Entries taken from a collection
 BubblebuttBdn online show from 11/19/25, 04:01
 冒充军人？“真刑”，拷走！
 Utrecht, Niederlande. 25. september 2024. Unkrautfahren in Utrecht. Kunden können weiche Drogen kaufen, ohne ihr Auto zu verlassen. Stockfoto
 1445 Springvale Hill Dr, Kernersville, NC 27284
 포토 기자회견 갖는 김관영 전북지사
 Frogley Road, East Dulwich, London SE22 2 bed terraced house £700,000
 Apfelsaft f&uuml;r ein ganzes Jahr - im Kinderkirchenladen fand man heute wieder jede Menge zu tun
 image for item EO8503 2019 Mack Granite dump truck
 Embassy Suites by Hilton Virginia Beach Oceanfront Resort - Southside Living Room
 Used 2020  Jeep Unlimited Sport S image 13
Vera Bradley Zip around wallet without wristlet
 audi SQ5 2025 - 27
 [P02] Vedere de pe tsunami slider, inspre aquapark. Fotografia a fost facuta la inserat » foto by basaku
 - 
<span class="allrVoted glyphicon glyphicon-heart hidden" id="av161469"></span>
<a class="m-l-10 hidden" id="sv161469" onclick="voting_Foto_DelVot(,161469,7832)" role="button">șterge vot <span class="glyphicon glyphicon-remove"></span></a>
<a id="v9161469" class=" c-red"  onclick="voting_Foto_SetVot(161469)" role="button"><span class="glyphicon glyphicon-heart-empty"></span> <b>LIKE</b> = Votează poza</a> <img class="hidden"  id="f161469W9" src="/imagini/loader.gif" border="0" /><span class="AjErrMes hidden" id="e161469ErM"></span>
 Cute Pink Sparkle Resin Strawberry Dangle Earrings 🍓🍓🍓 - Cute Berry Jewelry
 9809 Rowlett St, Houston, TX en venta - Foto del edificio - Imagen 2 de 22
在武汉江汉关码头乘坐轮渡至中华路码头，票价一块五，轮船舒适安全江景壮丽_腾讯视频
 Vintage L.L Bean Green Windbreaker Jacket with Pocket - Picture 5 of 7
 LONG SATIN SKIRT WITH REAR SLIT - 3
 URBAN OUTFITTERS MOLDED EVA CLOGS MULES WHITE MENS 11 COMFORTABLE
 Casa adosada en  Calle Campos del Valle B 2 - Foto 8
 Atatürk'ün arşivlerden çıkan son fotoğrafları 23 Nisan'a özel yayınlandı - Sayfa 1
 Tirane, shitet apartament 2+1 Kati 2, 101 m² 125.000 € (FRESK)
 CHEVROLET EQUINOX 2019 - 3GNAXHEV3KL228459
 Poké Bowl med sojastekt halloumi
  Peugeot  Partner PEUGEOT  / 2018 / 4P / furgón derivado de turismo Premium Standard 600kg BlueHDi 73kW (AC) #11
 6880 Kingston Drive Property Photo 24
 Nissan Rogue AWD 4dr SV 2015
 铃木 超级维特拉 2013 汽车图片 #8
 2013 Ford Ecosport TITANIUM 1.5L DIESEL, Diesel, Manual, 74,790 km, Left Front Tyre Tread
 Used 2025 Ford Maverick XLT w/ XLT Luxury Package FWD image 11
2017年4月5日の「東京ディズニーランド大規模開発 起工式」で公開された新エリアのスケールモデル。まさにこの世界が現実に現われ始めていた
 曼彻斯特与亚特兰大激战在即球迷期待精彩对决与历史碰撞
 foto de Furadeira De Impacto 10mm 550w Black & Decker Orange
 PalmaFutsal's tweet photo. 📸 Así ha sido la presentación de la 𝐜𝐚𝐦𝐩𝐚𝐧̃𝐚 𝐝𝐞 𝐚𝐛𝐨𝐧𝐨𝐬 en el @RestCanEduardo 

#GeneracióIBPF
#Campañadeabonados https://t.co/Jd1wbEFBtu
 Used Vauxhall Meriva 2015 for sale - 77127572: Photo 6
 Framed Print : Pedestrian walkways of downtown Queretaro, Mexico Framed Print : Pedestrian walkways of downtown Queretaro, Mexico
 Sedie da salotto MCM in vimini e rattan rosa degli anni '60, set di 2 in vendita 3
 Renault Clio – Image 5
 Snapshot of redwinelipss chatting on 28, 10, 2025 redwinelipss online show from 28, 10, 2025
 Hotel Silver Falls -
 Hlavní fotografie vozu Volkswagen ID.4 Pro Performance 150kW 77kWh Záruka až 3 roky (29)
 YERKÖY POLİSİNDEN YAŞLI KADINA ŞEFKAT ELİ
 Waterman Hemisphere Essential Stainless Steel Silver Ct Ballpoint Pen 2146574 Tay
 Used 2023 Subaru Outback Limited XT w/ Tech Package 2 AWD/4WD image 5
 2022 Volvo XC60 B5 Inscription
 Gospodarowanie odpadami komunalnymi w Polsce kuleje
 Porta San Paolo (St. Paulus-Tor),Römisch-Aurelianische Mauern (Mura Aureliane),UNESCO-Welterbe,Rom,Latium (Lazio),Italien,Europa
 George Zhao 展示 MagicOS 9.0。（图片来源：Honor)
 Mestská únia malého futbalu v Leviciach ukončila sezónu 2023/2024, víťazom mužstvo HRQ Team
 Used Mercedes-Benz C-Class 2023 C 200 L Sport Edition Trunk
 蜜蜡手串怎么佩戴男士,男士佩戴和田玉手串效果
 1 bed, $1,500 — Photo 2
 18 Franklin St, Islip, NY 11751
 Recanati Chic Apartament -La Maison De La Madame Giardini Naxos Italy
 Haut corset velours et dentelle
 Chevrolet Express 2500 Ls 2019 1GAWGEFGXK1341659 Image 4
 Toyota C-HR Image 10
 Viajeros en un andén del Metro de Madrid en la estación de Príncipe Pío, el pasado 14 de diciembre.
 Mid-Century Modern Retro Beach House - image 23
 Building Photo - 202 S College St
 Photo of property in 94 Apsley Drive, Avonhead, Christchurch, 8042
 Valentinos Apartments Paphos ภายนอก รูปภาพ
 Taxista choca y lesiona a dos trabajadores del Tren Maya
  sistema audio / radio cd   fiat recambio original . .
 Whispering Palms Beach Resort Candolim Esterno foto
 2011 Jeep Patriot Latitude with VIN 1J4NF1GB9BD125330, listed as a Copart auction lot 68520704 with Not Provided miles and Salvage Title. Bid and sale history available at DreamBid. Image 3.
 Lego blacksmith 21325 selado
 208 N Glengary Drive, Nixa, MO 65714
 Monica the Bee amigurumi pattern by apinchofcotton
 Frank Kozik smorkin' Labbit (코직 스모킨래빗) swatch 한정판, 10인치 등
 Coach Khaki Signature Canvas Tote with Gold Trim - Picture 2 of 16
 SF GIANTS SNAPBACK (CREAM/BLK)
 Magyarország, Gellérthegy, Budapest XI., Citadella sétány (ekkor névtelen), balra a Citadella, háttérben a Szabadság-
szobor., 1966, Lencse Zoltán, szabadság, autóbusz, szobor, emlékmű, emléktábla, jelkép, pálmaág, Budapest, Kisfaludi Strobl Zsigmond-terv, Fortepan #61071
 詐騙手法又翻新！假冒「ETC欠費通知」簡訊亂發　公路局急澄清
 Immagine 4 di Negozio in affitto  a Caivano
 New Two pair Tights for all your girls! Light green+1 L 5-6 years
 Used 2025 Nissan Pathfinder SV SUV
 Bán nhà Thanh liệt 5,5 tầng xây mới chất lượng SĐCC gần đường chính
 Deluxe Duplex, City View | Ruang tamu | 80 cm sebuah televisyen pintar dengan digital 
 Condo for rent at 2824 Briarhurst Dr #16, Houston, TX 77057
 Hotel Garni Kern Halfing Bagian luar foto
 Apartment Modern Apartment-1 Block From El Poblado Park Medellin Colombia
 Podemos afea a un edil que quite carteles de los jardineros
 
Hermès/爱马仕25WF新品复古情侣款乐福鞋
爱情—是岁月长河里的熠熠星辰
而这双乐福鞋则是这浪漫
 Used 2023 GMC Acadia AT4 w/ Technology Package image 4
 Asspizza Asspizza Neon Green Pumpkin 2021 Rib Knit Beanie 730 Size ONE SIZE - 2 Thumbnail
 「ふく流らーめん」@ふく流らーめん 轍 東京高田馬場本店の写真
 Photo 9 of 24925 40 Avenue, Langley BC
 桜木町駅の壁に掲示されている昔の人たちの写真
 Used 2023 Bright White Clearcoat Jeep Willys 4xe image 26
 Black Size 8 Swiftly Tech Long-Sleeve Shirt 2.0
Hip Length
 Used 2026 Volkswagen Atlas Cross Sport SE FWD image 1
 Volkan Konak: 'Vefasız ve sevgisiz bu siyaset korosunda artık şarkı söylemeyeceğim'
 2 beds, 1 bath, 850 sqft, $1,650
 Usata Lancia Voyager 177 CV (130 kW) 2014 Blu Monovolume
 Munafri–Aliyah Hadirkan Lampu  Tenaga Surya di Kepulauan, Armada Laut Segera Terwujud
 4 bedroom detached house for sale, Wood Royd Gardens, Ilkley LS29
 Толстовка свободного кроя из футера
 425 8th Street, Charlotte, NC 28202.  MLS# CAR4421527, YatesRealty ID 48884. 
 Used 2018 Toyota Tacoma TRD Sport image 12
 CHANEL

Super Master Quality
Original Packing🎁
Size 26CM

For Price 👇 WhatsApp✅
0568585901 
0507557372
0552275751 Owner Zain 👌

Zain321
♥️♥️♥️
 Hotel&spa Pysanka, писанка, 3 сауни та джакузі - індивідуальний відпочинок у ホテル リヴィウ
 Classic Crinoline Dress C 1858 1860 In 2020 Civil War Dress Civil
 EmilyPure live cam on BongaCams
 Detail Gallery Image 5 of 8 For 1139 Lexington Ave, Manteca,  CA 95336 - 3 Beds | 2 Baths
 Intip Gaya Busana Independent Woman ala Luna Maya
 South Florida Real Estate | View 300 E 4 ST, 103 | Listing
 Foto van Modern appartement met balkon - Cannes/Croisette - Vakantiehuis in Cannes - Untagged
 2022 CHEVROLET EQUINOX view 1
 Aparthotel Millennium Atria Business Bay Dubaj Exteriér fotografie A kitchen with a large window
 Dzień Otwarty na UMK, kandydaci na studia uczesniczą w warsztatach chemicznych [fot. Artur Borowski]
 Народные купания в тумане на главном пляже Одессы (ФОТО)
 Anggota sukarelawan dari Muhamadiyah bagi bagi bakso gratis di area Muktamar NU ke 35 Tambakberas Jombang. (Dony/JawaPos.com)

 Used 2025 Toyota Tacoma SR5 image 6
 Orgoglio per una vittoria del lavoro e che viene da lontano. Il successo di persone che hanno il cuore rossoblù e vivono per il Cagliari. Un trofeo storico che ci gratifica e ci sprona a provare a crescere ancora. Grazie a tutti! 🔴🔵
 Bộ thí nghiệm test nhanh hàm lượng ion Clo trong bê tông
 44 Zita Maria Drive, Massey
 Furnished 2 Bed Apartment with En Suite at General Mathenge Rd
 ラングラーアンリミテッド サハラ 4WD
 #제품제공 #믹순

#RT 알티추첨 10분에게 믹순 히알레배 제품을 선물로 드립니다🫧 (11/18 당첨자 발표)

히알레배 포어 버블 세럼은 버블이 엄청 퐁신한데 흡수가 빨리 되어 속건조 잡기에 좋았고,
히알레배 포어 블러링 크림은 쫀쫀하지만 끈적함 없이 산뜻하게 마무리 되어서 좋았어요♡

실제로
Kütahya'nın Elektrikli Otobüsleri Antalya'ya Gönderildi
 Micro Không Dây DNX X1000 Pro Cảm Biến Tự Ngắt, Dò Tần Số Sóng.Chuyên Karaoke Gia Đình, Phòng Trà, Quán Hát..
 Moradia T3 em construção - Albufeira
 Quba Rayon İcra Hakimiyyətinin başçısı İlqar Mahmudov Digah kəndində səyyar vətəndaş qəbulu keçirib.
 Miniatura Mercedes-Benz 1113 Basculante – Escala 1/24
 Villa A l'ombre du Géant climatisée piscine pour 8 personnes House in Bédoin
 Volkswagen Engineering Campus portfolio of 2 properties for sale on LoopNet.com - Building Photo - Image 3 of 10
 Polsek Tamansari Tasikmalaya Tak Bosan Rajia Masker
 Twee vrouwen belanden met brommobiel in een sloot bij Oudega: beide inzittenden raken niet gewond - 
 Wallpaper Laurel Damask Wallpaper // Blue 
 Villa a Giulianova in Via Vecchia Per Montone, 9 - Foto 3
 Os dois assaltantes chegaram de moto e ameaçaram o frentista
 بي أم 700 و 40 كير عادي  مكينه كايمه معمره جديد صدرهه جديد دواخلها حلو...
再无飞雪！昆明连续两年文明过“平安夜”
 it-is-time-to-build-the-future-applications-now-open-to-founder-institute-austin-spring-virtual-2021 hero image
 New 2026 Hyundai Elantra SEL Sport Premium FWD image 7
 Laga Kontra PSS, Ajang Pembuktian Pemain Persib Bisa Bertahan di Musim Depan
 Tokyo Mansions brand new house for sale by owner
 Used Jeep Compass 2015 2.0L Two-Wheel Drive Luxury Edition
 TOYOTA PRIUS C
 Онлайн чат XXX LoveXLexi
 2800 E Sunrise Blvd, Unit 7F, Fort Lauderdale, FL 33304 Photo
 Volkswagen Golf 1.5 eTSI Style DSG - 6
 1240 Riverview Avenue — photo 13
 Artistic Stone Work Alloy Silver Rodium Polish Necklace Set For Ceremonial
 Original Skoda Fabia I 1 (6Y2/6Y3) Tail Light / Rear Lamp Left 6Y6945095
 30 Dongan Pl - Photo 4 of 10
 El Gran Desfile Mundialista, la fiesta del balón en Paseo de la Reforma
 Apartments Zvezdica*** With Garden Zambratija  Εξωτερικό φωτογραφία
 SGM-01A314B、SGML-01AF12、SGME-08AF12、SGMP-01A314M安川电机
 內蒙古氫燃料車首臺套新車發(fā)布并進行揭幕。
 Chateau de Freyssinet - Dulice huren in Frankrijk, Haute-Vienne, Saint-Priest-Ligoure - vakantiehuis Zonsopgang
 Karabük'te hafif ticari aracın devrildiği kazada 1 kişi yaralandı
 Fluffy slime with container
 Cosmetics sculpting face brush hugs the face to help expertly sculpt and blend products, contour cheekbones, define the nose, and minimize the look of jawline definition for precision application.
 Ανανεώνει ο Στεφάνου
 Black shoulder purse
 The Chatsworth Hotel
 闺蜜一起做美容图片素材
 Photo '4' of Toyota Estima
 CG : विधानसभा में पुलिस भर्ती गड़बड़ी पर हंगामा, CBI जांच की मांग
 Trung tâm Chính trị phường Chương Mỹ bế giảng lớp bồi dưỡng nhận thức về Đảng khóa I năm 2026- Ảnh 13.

WHAT YOU SHOULD DO ▸
Starting at the line that contains "內蒙古氫燃料車首臺套新車發(fā)布并進行揭幕。", transcribe every line through the last line of the entries above, exactly, and nothing else.

FINAL ANSWER ▸
 內蒙古氫燃料車首臺套新車發(fā)布并進行揭幕。
 Chateau de Freyssinet - Dulice huren in Frankrijk, Haute-Vienne, Saint-Priest-Ligoure - vakantiehuis Zonsopgang
 Karabük'te hafif ticari aracın devrildiği kazada 1 kişi yaralandı
 Fluffy slime with container
 Cosmetics sculpting face brush hugs the face to help expertly sculpt and blend products, contour cheekbones, define the nose, and minimize the look of jawline definition for precision application.
 Ανανεώνει ο Στεφάνου
 Black shoulder purse
 The Chatsworth Hotel
 闺蜜一起做美容图片素材
 Photo '4' of Toyota Estima
 CG : विधानसभा में पुलिस भर्ती गड़बड़ी पर हंगामा, CBI जांच की मांग
 Trung tâm Chính trị phường Chương Mỹ bế giảng lớp bồi dưỡng nhận thức về Đảng khóa I năm 2026- Ảnh 13.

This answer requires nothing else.